On March 28, 1979, there was a partial meltdown of the core in the number 2 reactor at Three Mile Island Nuclear Generating Station (TMI-2) near Harrisburg, Pennsylvania. This incident remains the worst accident in the history of U.S. commercial nuclear power. No one was injured and there was no significant release of nuclear radiation, but there was the real potential for a major disaster. The accident also stoked concerns about the safety of nuclear power and led to a drop in public support for nuclear power.
Getting to the root of the problem
Like nearly all accidents, a number of factors contributed to the accident at TMI-2. In order to understand what occurred at TM1-2, it is useful to know the basic plant design. TMI-2 had a closed primary loop where primary coolant was heated as it flowed through the reactor core and cooled as it transferred heat through the steam generator to the secondary loop. The heat that was transferred to the secondary loop was then used to turn a turbine connected to a generator to produce electricity.
With something as complicated as the accident at TMI-2, it can help to have a simple method to organize the information.
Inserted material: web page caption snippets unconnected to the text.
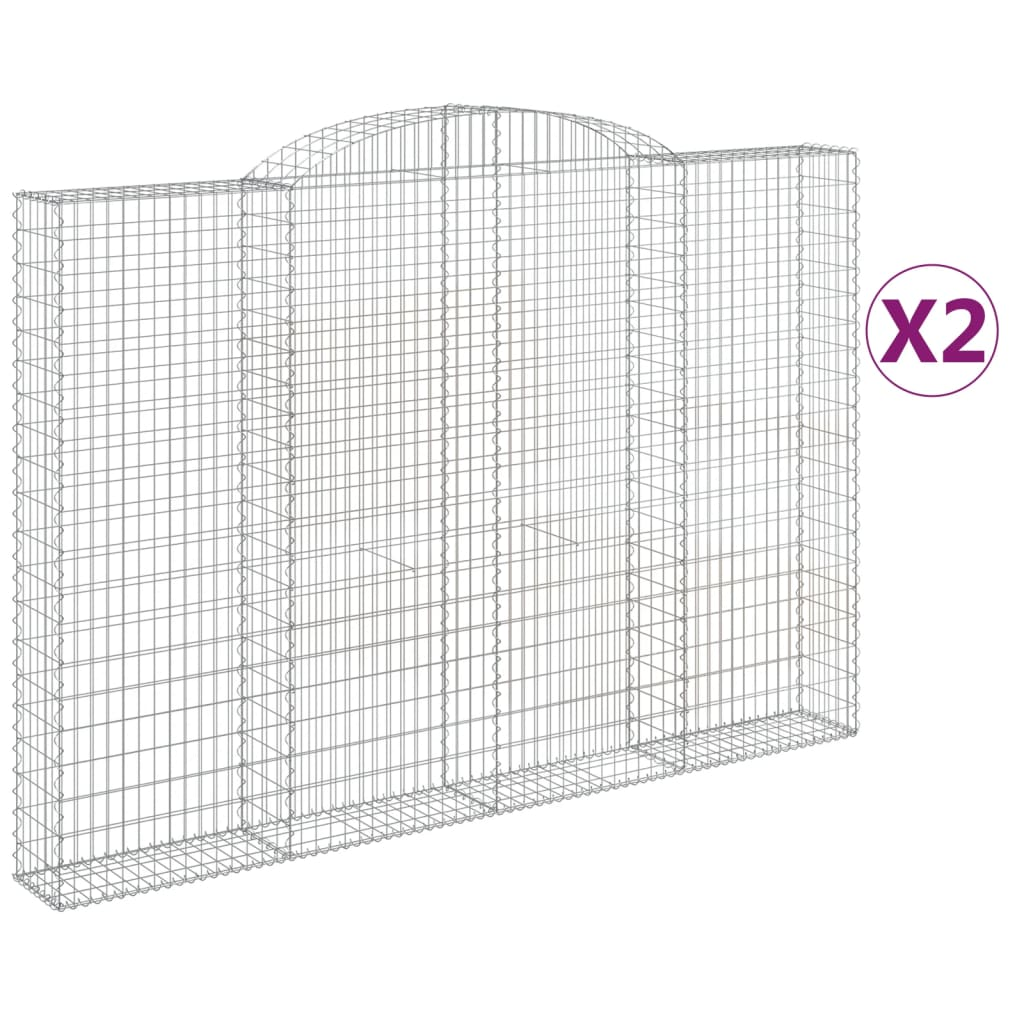 2 db íves horganyzott vas gabion kosár 300 x 30 x 200/220 cm (3146611)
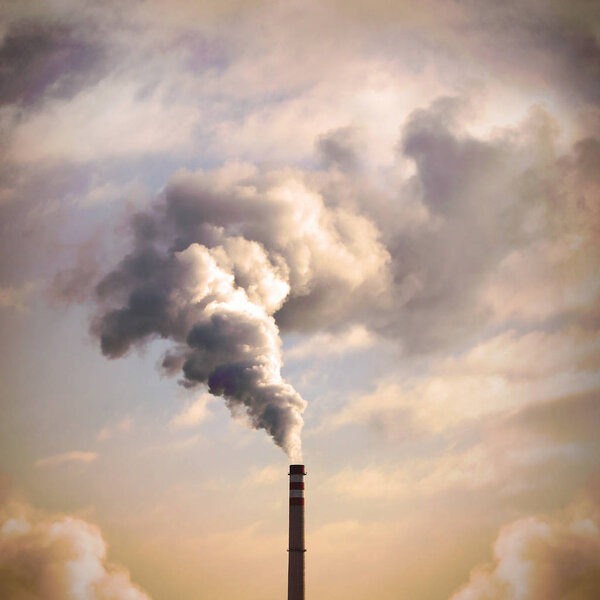 Smoking stack from lignite power plant.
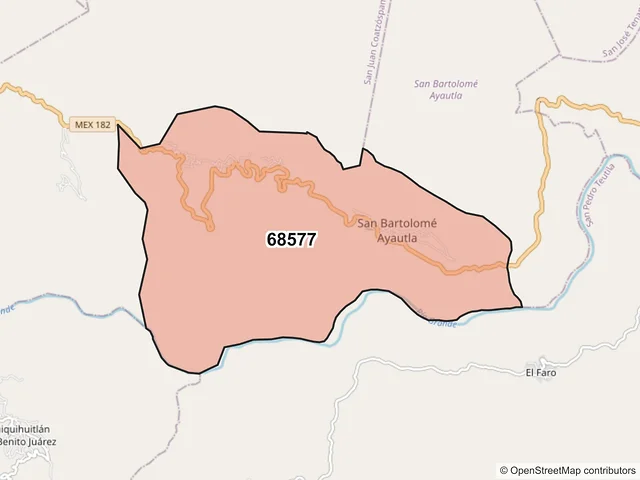 Mapa del código postal 68577, San Bartolomé Ayautla, Oaxaca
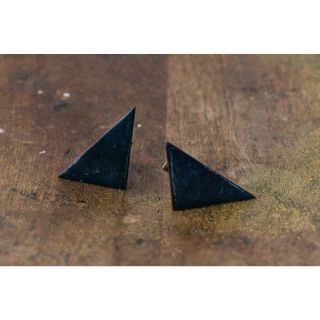 Vtg 60s Handmade Offset Triangle Cufflinks Enamel Over Copper Mod Mid - Century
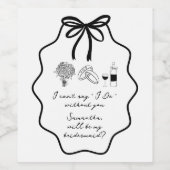 Vorschlag für Handgezeichnete Bow Floral Bridesmai Weinetikett (Einzelnes Label)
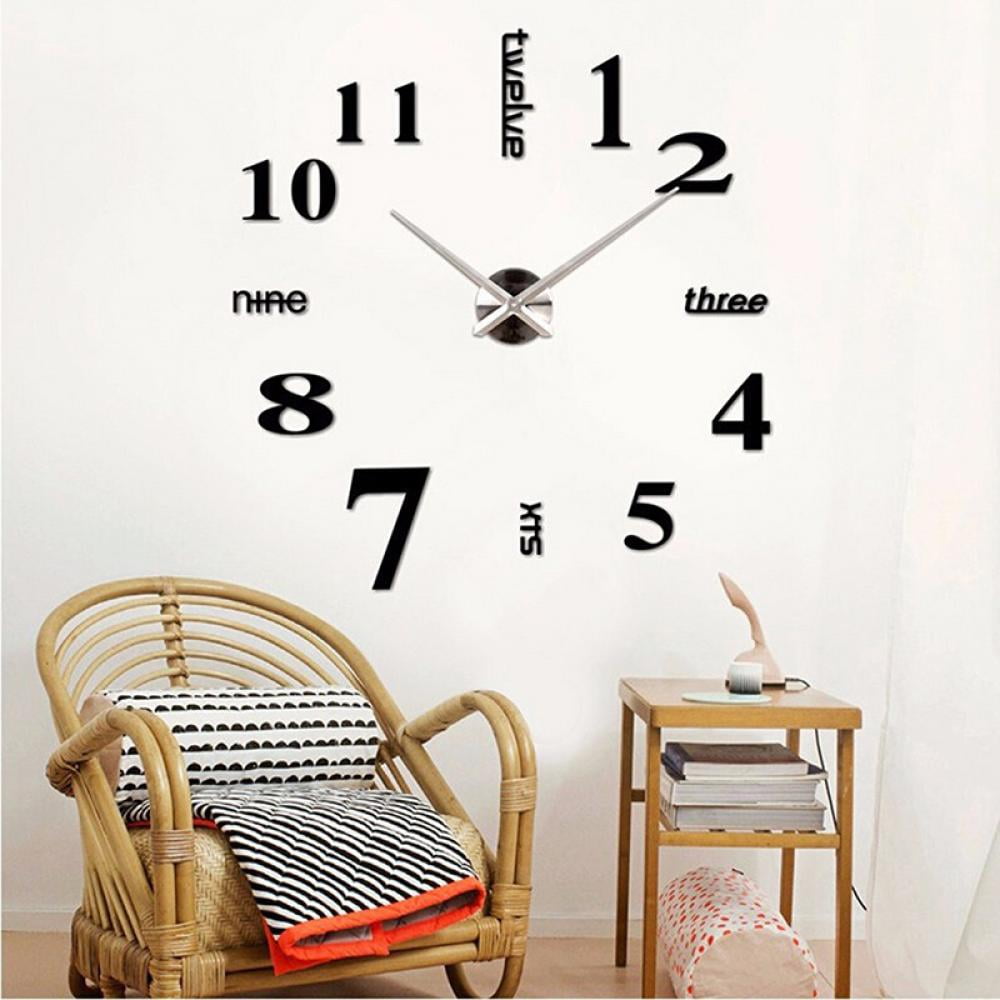 3D Large Wall Clock Battery Operated DIY Wall Clock for Modern Decorative Living Room/Office (Battery not included)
A Cause Map, an intuitive method for performing a root cause analysis, can be built to visually layout the cause-and-effect relationships of the causes that contributed to the accident. The first step in Cause Mapping it to define the problem by filling in an Outline which includes listing the impacts to the organizational goals. The Cause Map is built by starting at one of the impacted goals and asking “why” questions. Each answer to a “why” question is added as a box to the Cause Map. An example of a filled in Outline for TMI-2 is below.
So WHY was there a potential for a significant nuclear release? There was a partial meltdown of the reactor core because the core was uncovered, meaning it didn’t have coolant on it to help transfer energy away from the core and it melted when the temperature increased significantly. The reactor was uncovered because a large volume of primary coolant was lost through a pressure relief valve. The Cause Map can continue to be expanded by asking “why” questions. To view a high-level Cause Map of this incident, click on the image below and download the PDF.
Stuck open relief valve
The accident began with failures in the secondary loop that resulted in a loss of feedwater to the secondary side of the steam generators, meaning that heat and pressure increased in the closed primary loop. The plant was designed to withstand a loss of feedwater, but an additional failure of a primary pressure relief valve magnified the problem.
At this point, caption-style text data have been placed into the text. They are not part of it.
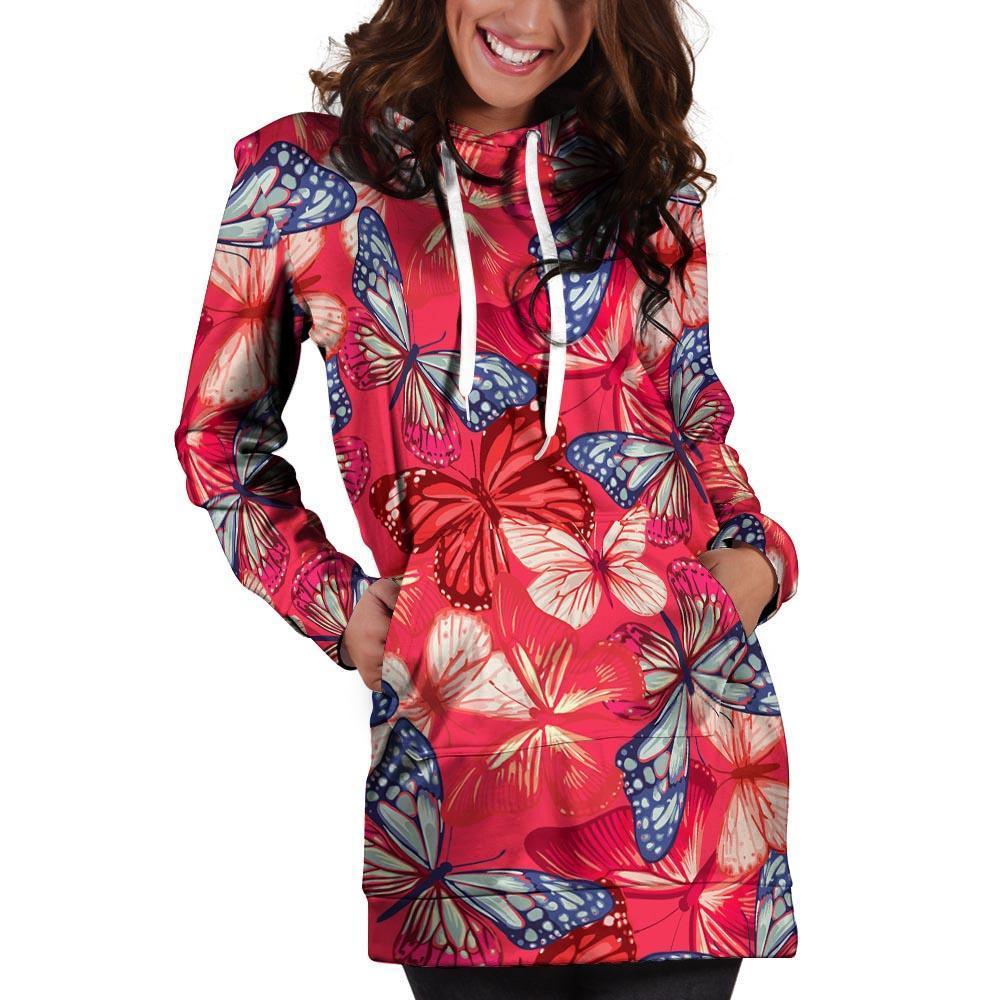 Red and Blue Butterfly Print Hoodie Dress-grizzshop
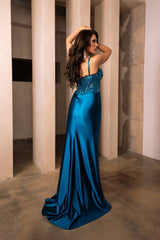 Formal Dress Spaghetti Straps Mermaid High Slit By May Queen MQ2111 - Dress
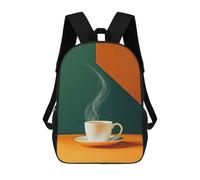 sinyumoney Children 17inch School Backpack 3D Printed White Coffee Cup Bookbags Travel Rucksack Casual Large Capacity Daypack for Boys Girls
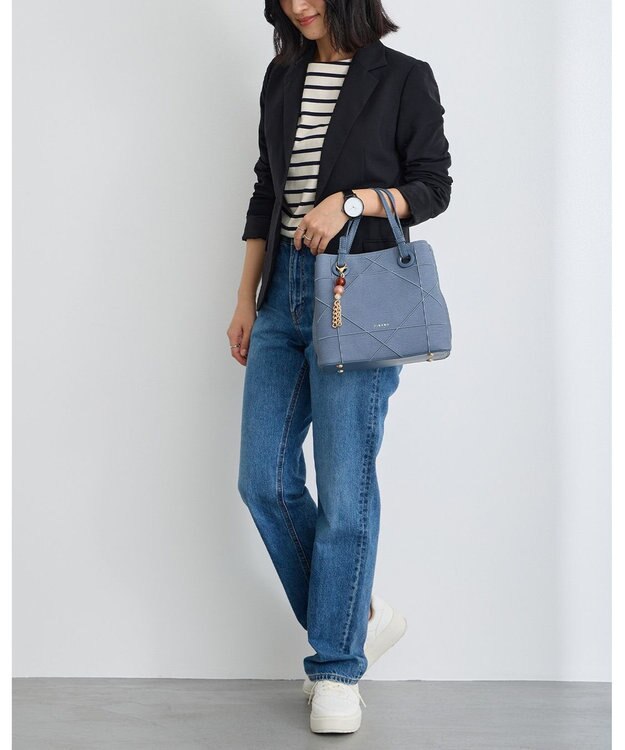 MioFIRANO カジュアルシッククロスラインハンドバッグ 2WAY チャーム付き　FIRANO フィラノ BLUE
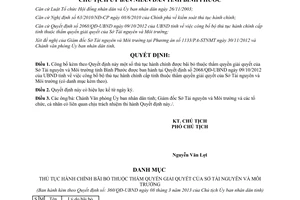 Quyết định 360/QĐ-UBND năm 2013 công bố thủ tục hành chính Sở Tài nguyên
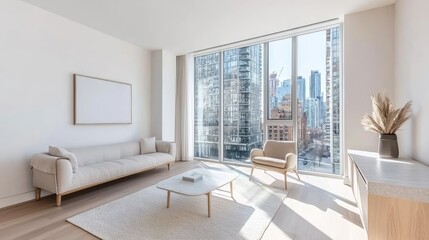 Modern apartment living room with city view, sunlight streaming through large windows. Ideal for real estate listings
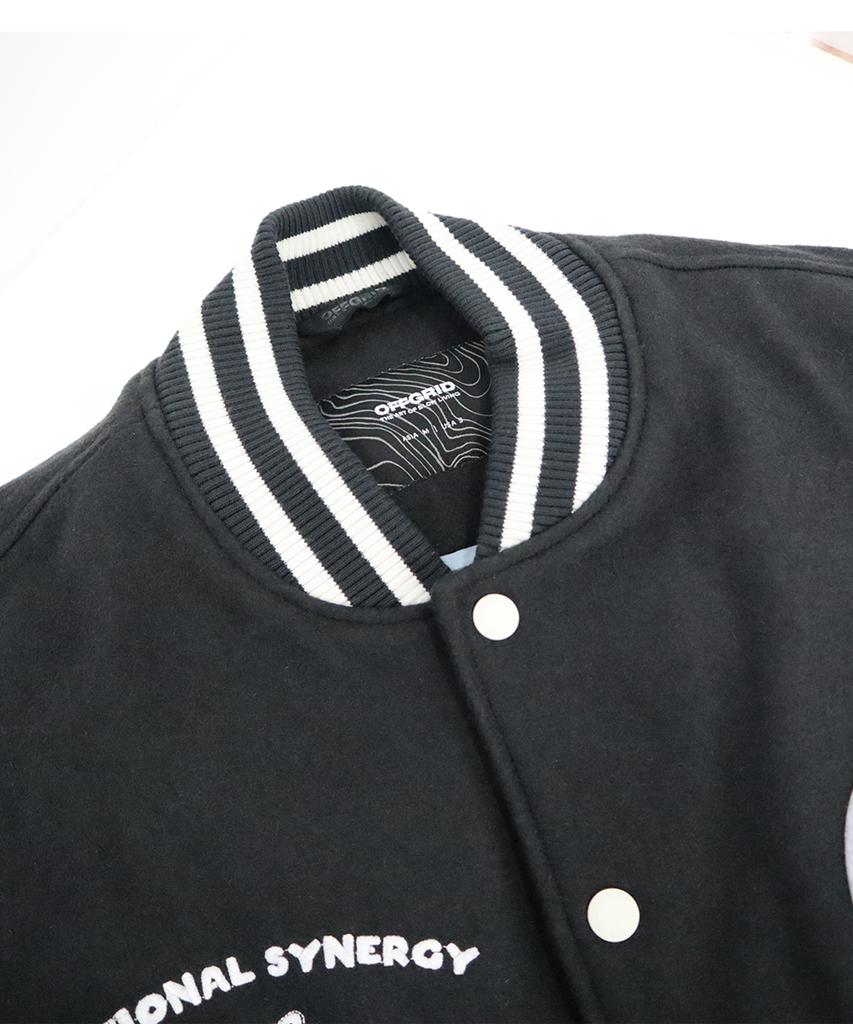 Offgrid Authentic Wappen Varsity Wool Padded Jacket - Grey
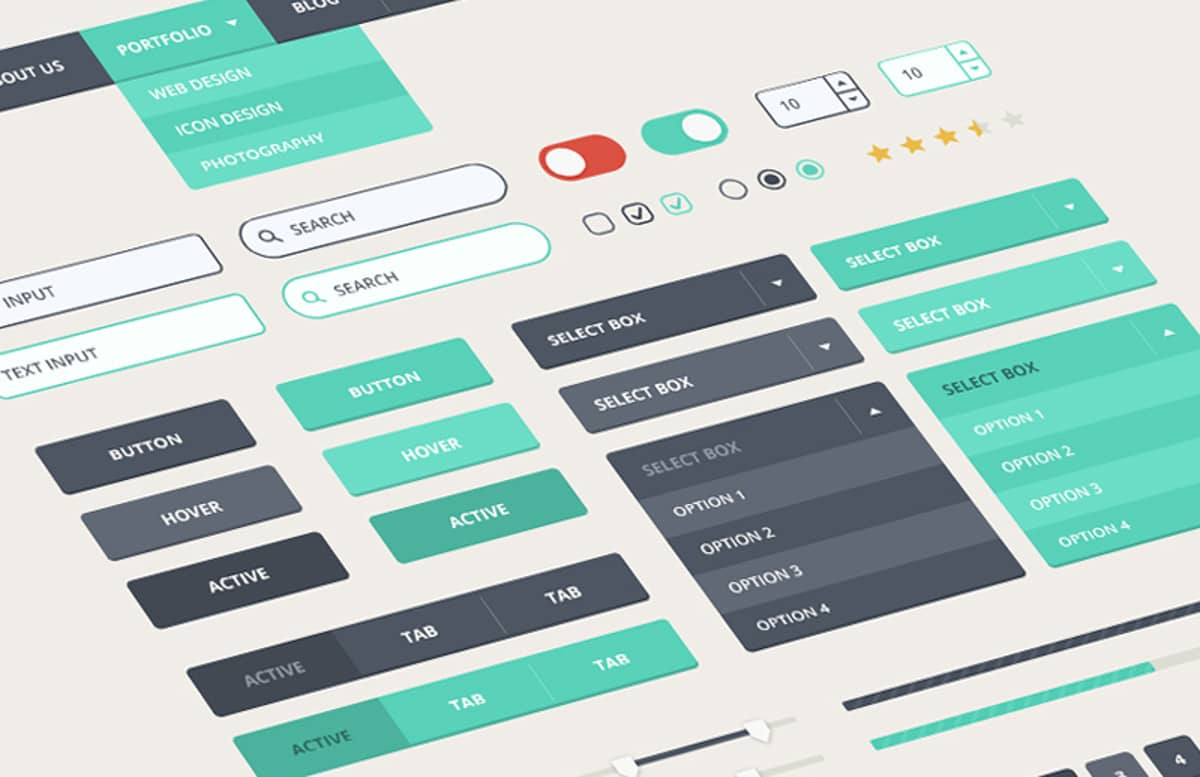 Contemporary  Flat  Ui  Kit  Preview 1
The pressure relief valve (the safety valve labeled in the simplified system diagram above) was designed to open when the primary plant pressure increased above a set limit. The relief valve lifted as a result of the increased pressure after the loss of feedwater as intended, but it failed to reseat as designed after pressure decreased. The valve remained open as coolant continued to flow out of it until a manual block valve was closed to isolate it.
Operators unaware valve was open
As mentioned above, there was a block valve that could have been shut to stop the loss of coolant, but operators were unaware of the fact that the valve was stuck open. They did not take action to mitigate the situation until it was too late to prevent the partial meltdown of the core.
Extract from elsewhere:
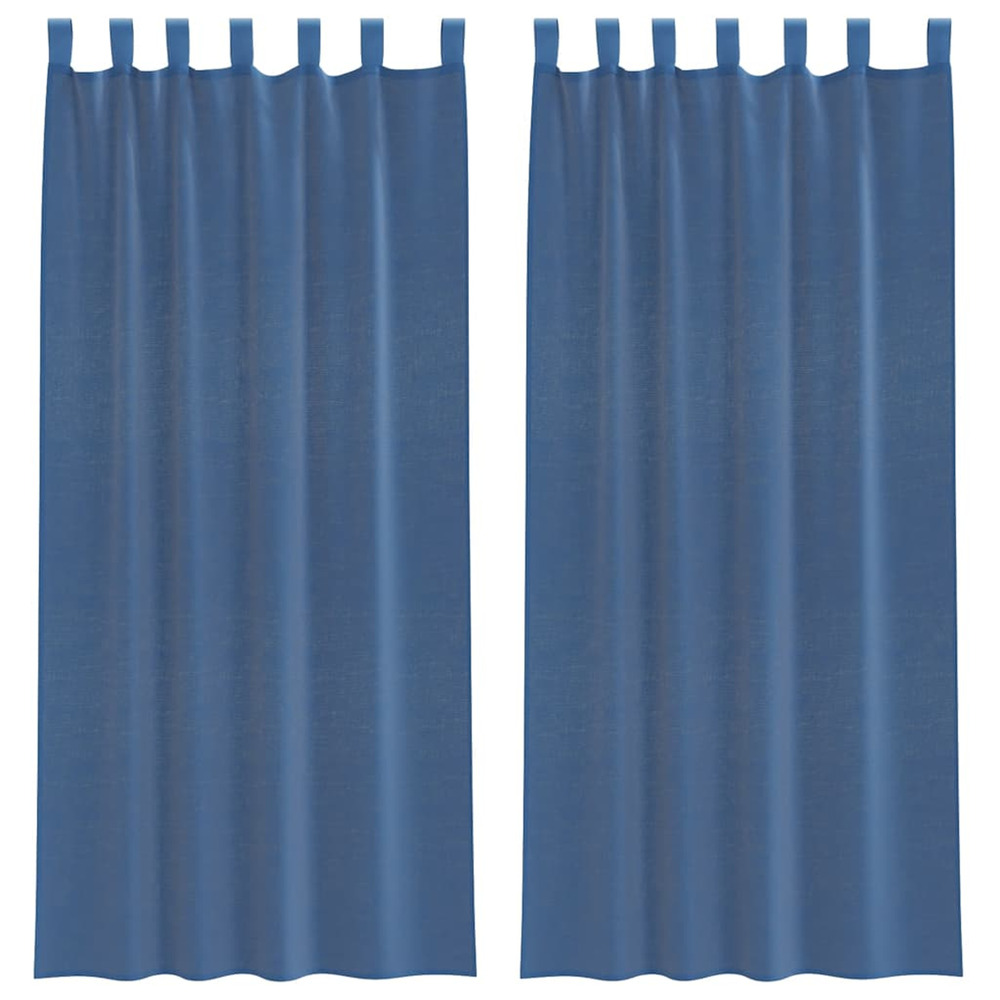 Rideaux en voile avec passe-tringles 2 pcs bleu royal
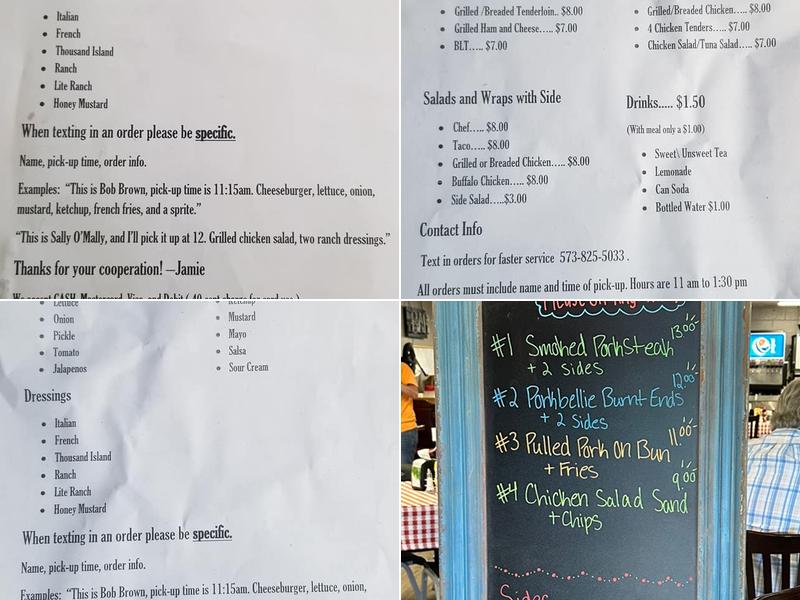 Heuer's Country Store and Cafe Menu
It is easy to see what was occurring in TMI-2 with the benefit of hindsight, but it wasn’t clear as the incident played out. The control room at the plant was huge and had hundreds of indications. When this incident occurred, operators received dozens of alarms, both audible and flashing lights, in a short period of time without any obvious priority.
In addition, operators had false indication that the pressure relief valve was closed. There was a light that operators assumed indicated valve position and it showed that the pressure relief valve was closed. The indication actually showed the status of the solenoid that operated the pressure relief valve and only indicated whether the solenoid was powered or not, not whether the valve was actually closed. The solenoid had operated as it was expected to close the valve, but the valve had failed to reseat so the light indicated that the pressure relief was closed when it was not. Operators had not been trained on the fact that the valve indicator only showed solenoid status nor where they could look for alternative confirmation that the valve was closed.
Alarms continued throughout the incident and the sheer volume of information made it difficult to interpret the situation accurately. Add in the indication that falsely led operators to believe the valve was closed and an extremely high stressful environment and it is much easier to understand why it took them so long to isolate the leaking pressure relief valve than it may have at first glance.
So what is “the” root cause?
Many people are tempted to say the stuck open relief valve was “THE” root cause of the Three Mile Island accident and it was certainly a major factor, but it doesn’t tell the whole story. Identifying a single “root cause” is generally not helpful and tends to limit the solutions that are considered. Building a Cause Map and identifying the system of causes (plural) that contributed to an incident helps investigators dig deeper and naturally widens the solutions that are considered. For example, it is not only important to understand that the relief valve was stuck open, but to also understand why it took so long for operators to identify that it was open. We likely wouldn’t be talking about this incident today if operators had a better understanding of the plant conditions as the accident occurred and were able to quickly take actions to mitigate the incident. In my opinion, the biggest lesson to be learned from Three Mile Island is that operators can only make decisions that are as good as the information and training they are given.